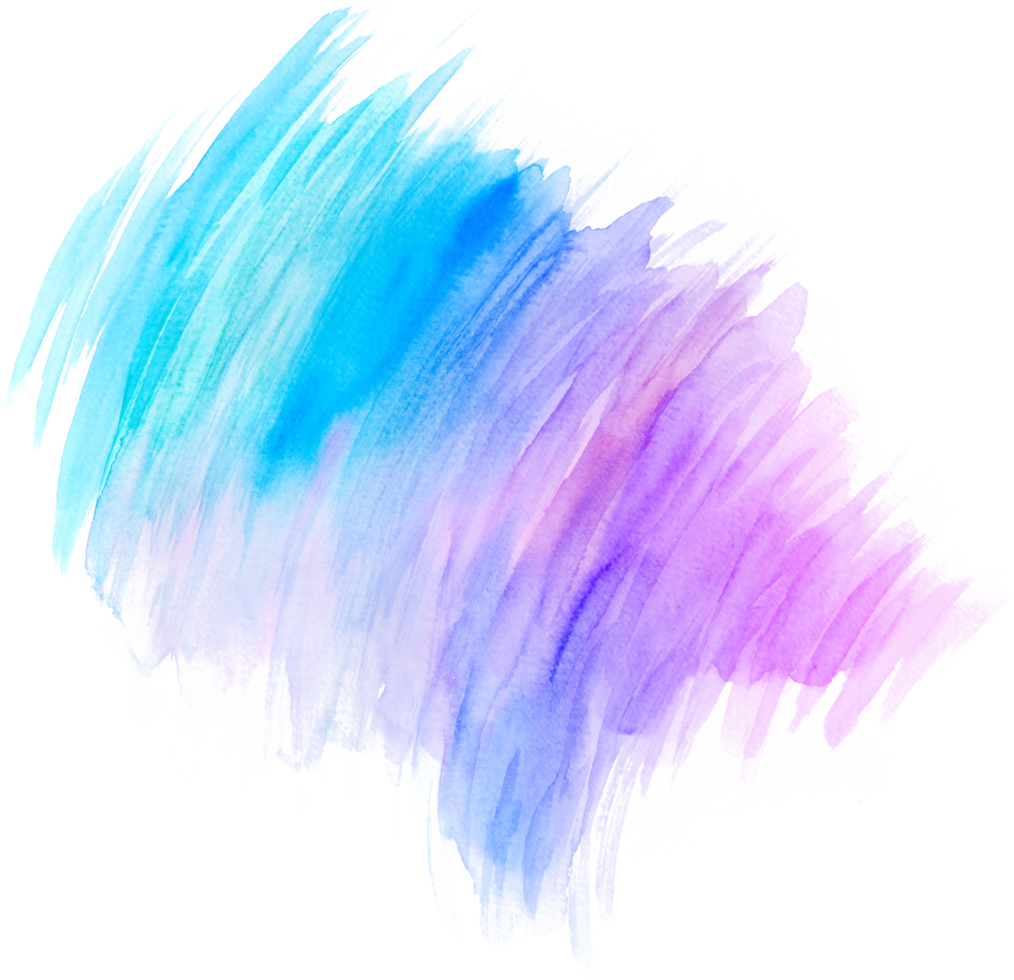 Watercolor paint brush strokes from a hand drawn background png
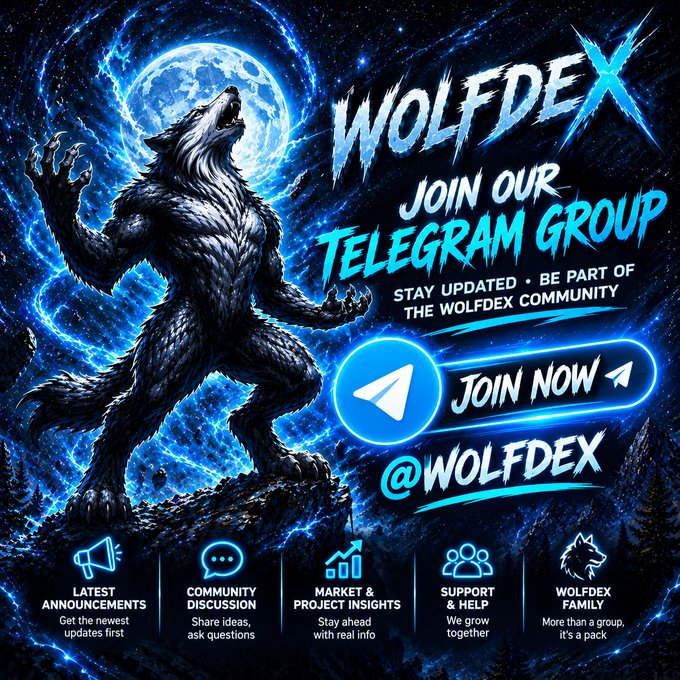 A promotional graphic for 'WOLFDEX' featuring a werewolf howling at a moon, inviting viewers to 'JOIN OUR TELEGRAM GROUP' with a 'JOIN NOW' button and @WOLFDEX handle.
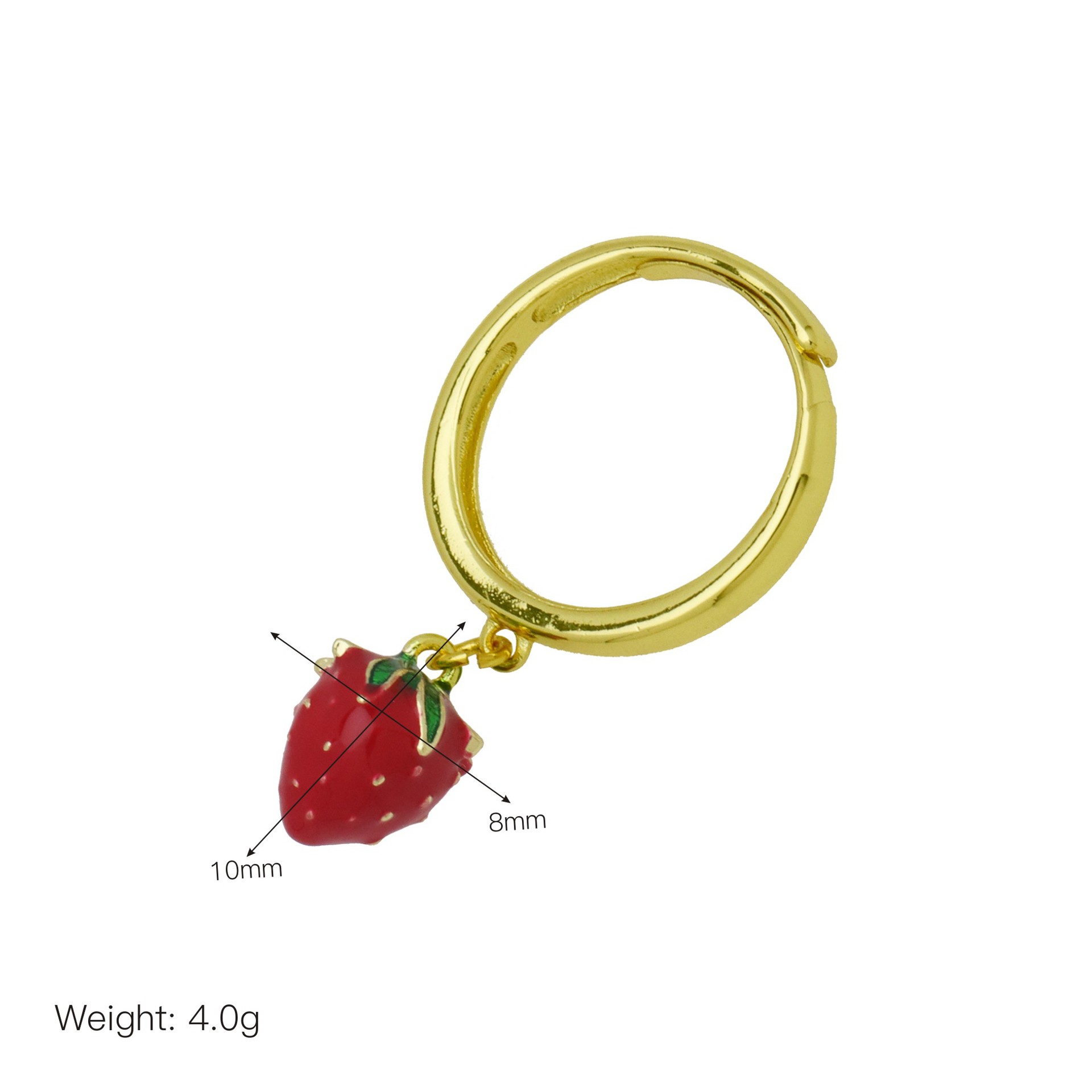 6g Weight Multi Charms Necklace, Open Rings Classification Adjustable Ring Size 1 Piece Quantity Daily Occasion Copper Material Cherry, Heart Shape, chili Pattern All Seasons Season Women's Gender Enamel Design Cute Style Wholesale Jewelry Cute Cherry Heart Shape Chili Copper Enamel Multi Charms Necklace Open Rings 8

Task to carry out:
From start to finish, output the listing exactly, but omit its pictures.

Exercise output:
 Watercolor paint brush strokes from a hand drawn background png
 A promotional graphic for 'WOLFDEX' featuring a werewolf howling at a moon, inviting viewers to 'JOIN OUR TELEGRAM GROUP' with a 'JOIN NOW' button and @WOLFDEX handle.
 6g Weight Multi Charms Necklace, Open Rings Classification Adjustable Ring Size 1 Piece Quantity Daily Occasion Copper Material Cherry, Heart Shape, chili Pattern All Seasons Season Women's Gender Enamel Design Cute Style Wholesale Jewelry Cute Cherry Heart Shape Chili Copper Enamel Multi Charms Necklace Open Rings 8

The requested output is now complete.